Things like business skills, accounting, finance, capital markets, legal skills, understanding how the system works — it's amazing how little of that is in the school system today. My best guess is that you're going to see more and more money, more and more careers, almost every career is going to be quasi-STEM, and a lot of the remunerative careers in the future (even if you go work for a law firm) you’re going to be asking: How can you use these tools to really streamline workflows?
It's going to happen in every industry. I don't see the tech “gold rush” ending, in any way, shape, or form. If anything, I think it's going to accelerate because of AI.
I would say one trend that we've already been seeing over the last decade or two decades, which I think will also accelerate, is that it's not so much about the specific coursework. Whether it's reading Shakespeare or learning how to code, really, it's a proxy for your ability to think critically, show up, and do your assignments on time. What's going to be valued is experience using these tools, especially when these tools are developing so much faster than any of these traditional curricula are going to have time to adapt to.
So I think the young people who are going out there and playing with frontier tools and are putting them to good use, regardless of what they major in or whether they go to college at all, are going to be the ones who really thrive in this environment.
Do you see the line between STEM and non-STEM majors blurring?
SK: I still see, even in my own workplace, that it's not necessarily someone's major that tells you how strong they are at structured thinking. It's not like, Oh, if you major in STEM, you're going to be really good at thinking through our product spec, and if you majored in humanities, you're not. I don't think that's the case.

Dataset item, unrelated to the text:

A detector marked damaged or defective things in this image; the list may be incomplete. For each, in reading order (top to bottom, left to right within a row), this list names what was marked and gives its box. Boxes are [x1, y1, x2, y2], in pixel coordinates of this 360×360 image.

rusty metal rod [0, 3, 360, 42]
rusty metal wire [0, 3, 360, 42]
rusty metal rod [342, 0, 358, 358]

Sure, there is probably a correlation between structured thinking and people who have had to go through the discipline of engineering something. When you engineer something, whether it's industrial, mechanical engineering, or software engineering, you’re trying to put an idea into practice and having to think through all of these edge cases and all of these tweaks that, let's call it a “normal person,” when they use a product, software or hardware, doesn’t realize how many edge cases have to be considered for that product. I think it's that capability — being able to not only create a system but to account for all of the edge cases that it needs to support and then tweak it and debug it — that is going to remain a really valuable skill.
At Khan Academy, we're doing a lot of prompt engineering, and prompt engineering in its current incarnation is primarily just writing stuff. But we are definitely seeing a difference between people who have, say, a software engineering background and who can think about how the large language models work and those who don’t and can’t. At least to our observation, if they have that engineering background and they have some type of a content depth in whatever we're trying to prompt for, it’s ideal to have both. This is going to be a world where, as I said earlier, the master of many skill sets is going to win.

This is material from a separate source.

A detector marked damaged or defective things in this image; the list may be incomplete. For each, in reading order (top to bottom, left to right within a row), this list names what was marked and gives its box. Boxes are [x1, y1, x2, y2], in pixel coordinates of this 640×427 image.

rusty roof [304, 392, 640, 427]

That's my best guess of where people are going to survive or do well. What I'm going to tell my kids and the kids at Khan Lab School is: Play with these tools. It's helpful to have a major where you’re signaling that you clearly have strong engineering or quantitative skills, but it doesn't necessarily have to be an engineering major. If you can double major, there could be some other practical skills that you could develop. Now, if you have a passion for literature or the arts, that's great, too. But the important thing is to play with these things. The people who will do well are the people who are able to straddle multiple fields.